Agent Evaluation Suites give you a repeatable way to verify that an agent still behaves the way you expect after prompt, model, tool, or skill changes. You define evaluations that score responses, then attach them to scenarios on individual agents so each scenario produces a pass/fail result you can review over time.
Use evaluation suites to:
- Define reusable test suites on agents with conversation scenarios.
- Assert specific behavior, such as the tools and skills that should load during a conversation.
- Score agent responses with LLM-as-judge evaluations against a passing threshold.
Concepts
- Evaluation — A reusable LLM-as-judge definition. An evaluation has a name, a prompt that tells the model what to score (for example, whether the agent followed the right instructions, avoided hallucinations, or used the correct tone), a passing threshold, and the model used to score.
- Scenario — A test case attached to a specific agent. A scenario describes a conversation prompt to run, an assertion (for example, that a particular tool or skill should load), and one or more evaluations that score the response.
- Run — A single execution of a scenario. Each run produces results for the assertion and every attached evaluation, and is recorded in run history for that scenario.
Create an evaluation
App Administrators create evaluations once and reuse them across any number of agents and scenarios.
- Open Intelligence → Evaluations in your app.
- Click New Evaluation in the top-right corner.
- Enter the evaluation details:
- Name — A descriptive name (for example, Hallucination Judge or Tone Check).
- Prompt — Instructions that tell the model what to score. Be specific about what counts as passing and failing behavior.
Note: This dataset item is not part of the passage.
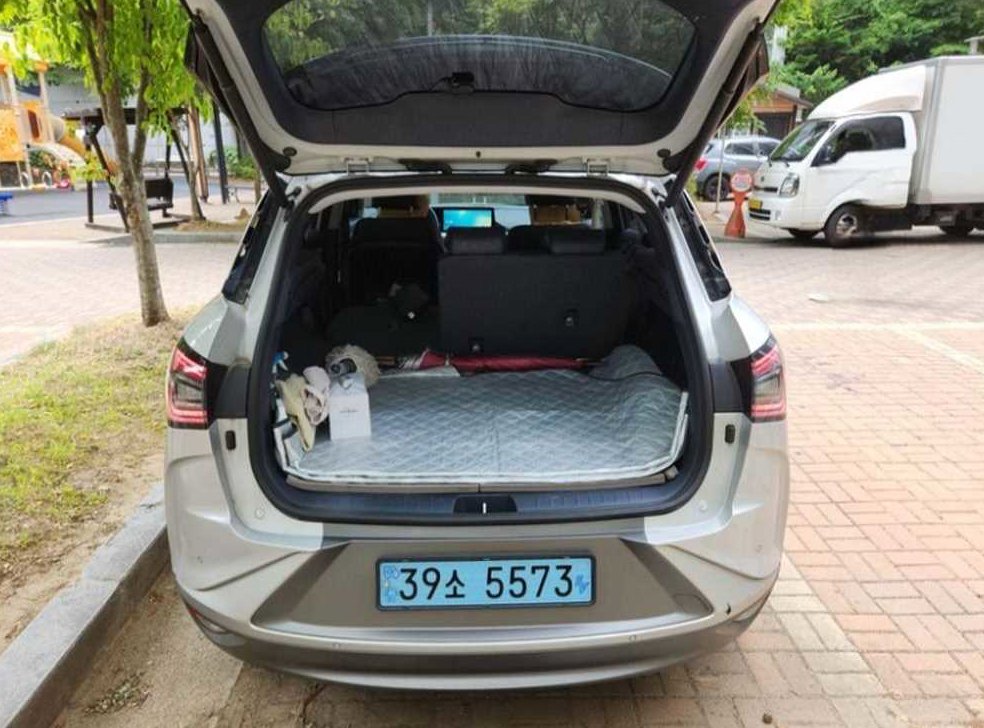 현대 넥쏘 프리미엄 사진 5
- Passing Threshold — The score the response must meet or exceed to pass.
- Choose a Model from the dropdown to act as the judge.
- Click Save.
Reuse the same evaluation across multiple agents and scenarios to standardize scoring — for example, a shared hallucination judge or a tone judge that every customer-facing agent should pass.
Attach an evaluation to an agent scenario
Scenarios live on the agent and pair a test prompt with the assertions and evaluations that should run against it.
- Open Intelligence → Agents and select the agent you want to evaluate.
- Open the Scenarios tab on the agent page and click + Scenario.
- Configure the scenario:
- Name and Description — Identify the scenario and what it covers.
- Prompt — The user message or conversation that drives the scenario.
- Timeout — How long the scenario is allowed to run before failing.
- Model — The model the agent should use for this run.
- Assertion — A required behavior to verify, such as which tool or skill should load.
- Evaluations — Select one or more evaluations to score the response.
- Click Save.
Run a scenario and review results
- From the scenario configuration page, click Run Scenario.
- Watch the live response in the panel and review the assertion result and each evaluation’s score.
- Open the Run history section on the same page to compare the latest run against previous runs over time.
Because run history is preserved per scenario, you can use evaluation suites as a regression check: rerun a scenario after changing a prompt, model, tool, or skill to confirm the agent still meets your expectations before promoting the change.